Le meravigliose braccia aperte del padre
In questa domenica, la IV di Quaresima, la Chiesa con la Parola di Dio ci fa quasi respirare la bellezza della nostra resurrezione, frutto della Resurrezione del Maestro, sempre che la Sua Grazia ci raggiunga e arrivi a parlare al nostro cuore, che ha davvero bisogno di assaporare, nel ritorno a Lui, lo stupendo bacio di gioia e di pace che solo Dio sa e può donarci.
È il tempo in cui Dio si 'lascia commuovere' dalla nostra povertà, quando finalmente comprendiamo, 'rientrando in noi stessi', quanto profonda sia la tristezza di sentirsi 'orfani' e lontani da Casa.
Se ci lasciamo conquistare dalla Grazia e non sbarriamo le porte del cuore, fatto per essere amato da Dio ed amarlo, consapevoli della nostra fragilità e pochezza, avvertiremo un profondo bisogno di sentire il calore delle braccia del Padre, che si tendono verso i figli per accoglierli, stanche forse di essere state inutilmente aperte nell'attesa, ma pronte a chiudersi su quanti sanno gettarsi dentro con fiducia.
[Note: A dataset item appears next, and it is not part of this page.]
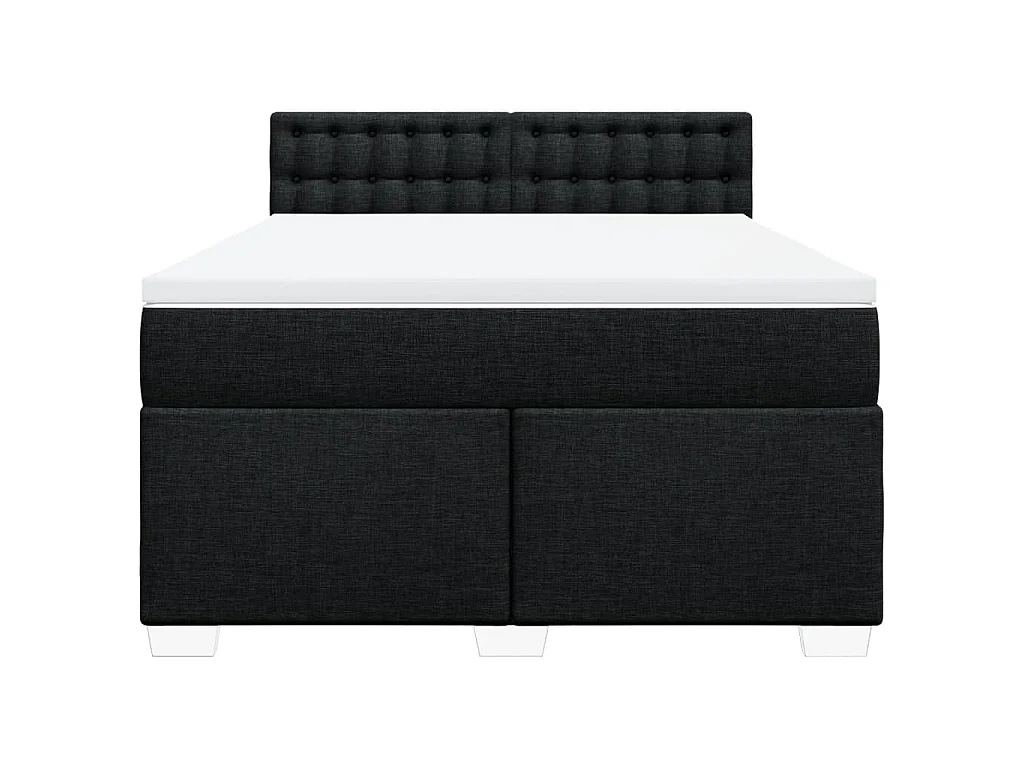 Cama box spring con colchón tela negro 140x200 cm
«Fratelli – ci avverte S. Paolo – se uno è in Cristo, è una nuova creatura: le cose vecchie sono passate, ecco ne sono nate di nuove Tutto questo però viene da Dio, che ci ha riconciliati con Sé mediante Cristo e ha affidato a noi il ministero della riconciliazione. Noi fungiamo, quindi, da ambasciatori per Cristo; come se Dio esortasse per mezzo di noi. Vi supplichiamo in nome di Cristo: lasciatevi riconciliare con Dio.» (II Cor. 5, 17-21)
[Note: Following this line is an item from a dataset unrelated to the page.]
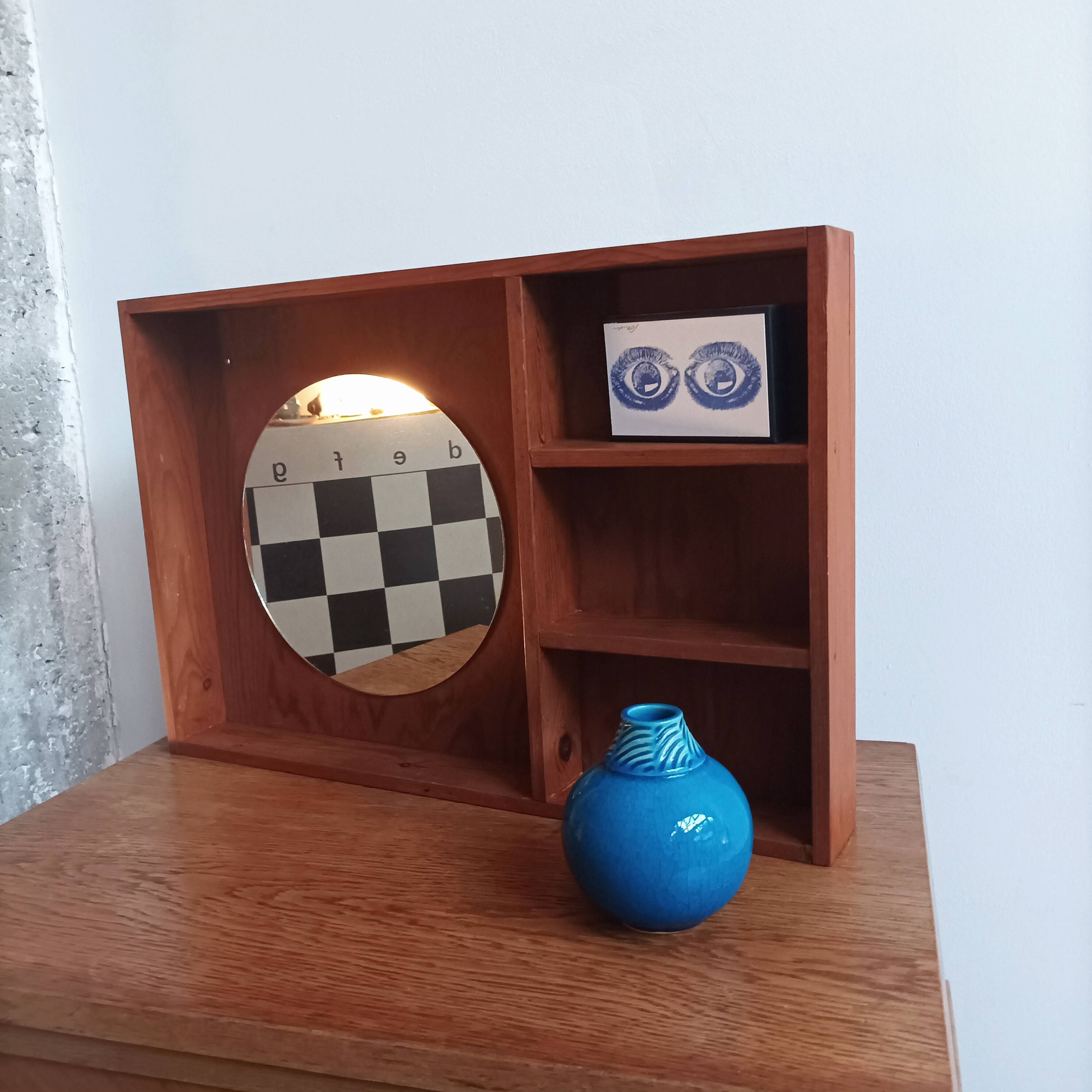 Console shelf with modernist mirror, 60s/70s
In fondo la storia del Padre verso di noi, Sue creature, ha come stupendo scenario immutabile il Suo incredibile Amore: un Amore che dà la vita e rigenera, ossia ci rende pienamente Suoi figli, anche quando Gli voltiamo le spalle, ignorandoLo o ancora peggio offendendoLo.
Il Padre non si lascia intimorire né frenare dal rifiuto in cui noi siamo capaci di cacciarci, per l'egoismo che è spuntato nei progenitori e continua a dare i suoi perfidi frutti anche in noi. Il Padre sa bene, molto bene, che nulla è paragonabile anche solo ad un centimetro di parete della `propria Casa', che è la Sua stessa Casa. Sa molto bene quanto sia dura la solitudine, che può prendere possesso del cuore dell'uomo: è una terribile morte del cuore, che striscia vicino a troppi per un motivo o per un altro.
Troppe volte perdiamo anche la verità del peccato e facciamo passare per lecito quello che invece offende Chi ci ha creati e a cui dobbiamo amore ed obbedienza: l'Unico che ben conosce quanto il peccato possa farci del male.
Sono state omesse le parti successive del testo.